Inside the Rutschmans’ garage in Sherwood, Oregon, rest three buckets of baseballs.
They’ve been there since Adley Rutschman was a little boy, and while his father Randy has rotated the balls over the years because of the damage his son doles out to them during each batting practice session, those buckets are a staple of their relationship.
For as long as they can remember, Adley would ask his dad to throw to him. They’d go to a nearby high school or college field. Once there, Randy would empty those buckets in the form of pitches to his son, building the fundamentals at 9 years old that would make Adley such an all-around batter by 25, propelling him into a rising star in Major League Baseball.
But after the drills that reinforced a disciplined approach at the plate, Adley would rest his bat. He’d then look at his dad, and they knew what Adley was about to ask.
“Hey, do you want to do a quick Home Run Derby?” Adley would ask Randy. “Play the ‘What if?’ game?”
There’s no need to play the “What if?” game any longer.
On Monday night at T-Mobile Park, Adley Rutschman and his father will take the field. Randy will stand behind that L-screen, as he has for so many years out of the public eye. The buckets of balls won’t be their own, but that won’t matter. Instead of a quiet ballpark in Oregon, they’ll be surrounded by the glitz and glamour of the All-Star Game.
The cameras will be on them, father and son, yet they’ll be in their own shared world — a world they’ve imagined for nearly two decades. Adley Rutschman will compete in the Home Run Derby, and Randy will be throwing to him.
“I’ve been doing it for a long time with him,” Adley said. “That’s why I feel like it means so much, just because we’ve had so many BP sessions, so many fake Home Run Derby games — he’s always been the guy.”
The phone call came when Randy and his wife, Carol, were in the car. It was their son, telling them that MLB asked Adley to participate in the Home Run Derby. The choice for the league was straightforward, placing a Pacific Northwest native in the spotlight at a stadium Rutschman first played in when he was 8, when he won the regional Pitch, Hit & Run competition.

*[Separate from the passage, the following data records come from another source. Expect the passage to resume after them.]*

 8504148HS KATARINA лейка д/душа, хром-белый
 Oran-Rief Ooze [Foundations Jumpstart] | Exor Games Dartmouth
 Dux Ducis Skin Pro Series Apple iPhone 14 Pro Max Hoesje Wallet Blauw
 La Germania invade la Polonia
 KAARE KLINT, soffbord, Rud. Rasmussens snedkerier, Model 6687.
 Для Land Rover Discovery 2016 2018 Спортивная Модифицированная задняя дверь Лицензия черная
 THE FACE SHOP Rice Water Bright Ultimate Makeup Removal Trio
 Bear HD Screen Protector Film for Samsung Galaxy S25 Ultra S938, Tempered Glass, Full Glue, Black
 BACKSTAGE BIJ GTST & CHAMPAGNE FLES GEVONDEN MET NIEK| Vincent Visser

In truth, Adley didn’t even need to ask Randy the next question, but he did anyway, just so his dad would hear the long-dreamt words come out of his mouth.
“Will you throw to me?” Adley said.
Of course. Randy had never said no to that question, not in the long years they’ve played together.
“We had played this fantasy out quite a few times in our life,” Randy said. “I think for him and I, it was kind of like, we were surprised, but I think it was unspoken that I would throw to him if he ever did it.”
Their batting practice sessions using those three buckets of balls always included a game of some sorts, even as Randy’s pitches dotted all corners of the zone to find and solve any holes in his son’s swing. When Adley began as a switch hitter, he would challenge himself by counting whether he could record more hits with his right-handed swing or left-handed swing. He would play a line drive game or attempt to pepper opposite-field hits only.
Adley would save up, though, for the end. That’s when he would unleash his biggest swings, held in reserve until the last few hacks of their batting practice session. And after he sent a few balls over the fence — doing so without the raucous crowd that will be around him Monday — they’d pick up their balls and head home, another faux-Derby complete.
Both Rutschmans have Home Run Derby experience beyond the imaginary. When Adley was 10 or 11, he participated in a home run tournament with a youth baseball league.
Randy, a longtime college coach, threw in a contest before: Scott Bolcoa, the left-handed slugger for Riverside Community College who competed in the West Coast League’s summer Home Run Derby in the early 2000s.
“I have one moment of experience, and the guy won,” Randy said. “My record’s good right now, but it’s not very extensive.”
To prepare for his latest Home Run Derby — on a much larger scale — Randy joined Adley on the field at Yankee Stadium to throw him batting practice before a game last week. They worked out where in the zone Randy should focus, hoping to give Adley the best chance to go yard at T-Mobile Park.
They’ve done this for so long, of course, yet the limelight is much brighter here.
“I’m sure that I’ll have some nerves going with 40,000 people there,” Randy said. “But I’m also extremely grateful that I get this opportunity. I mean, shoot, this is something you dream about.”
They won’t carry their three buckets of balls onto the field themselves, and they certainly won’t pick them all up after Adley is done spraying them all over the park. But, just as they have since Adley was a little boy, they’ll partake in a Home Run Derby. Nothing else — not the crowd, not the results — matters beyond the little world that is pitcher and batter, father and son.
“We’re doing this together,” Adley Rutschman said. “We’re doing this to have fun. And this is a father-son experience of a lifetime.”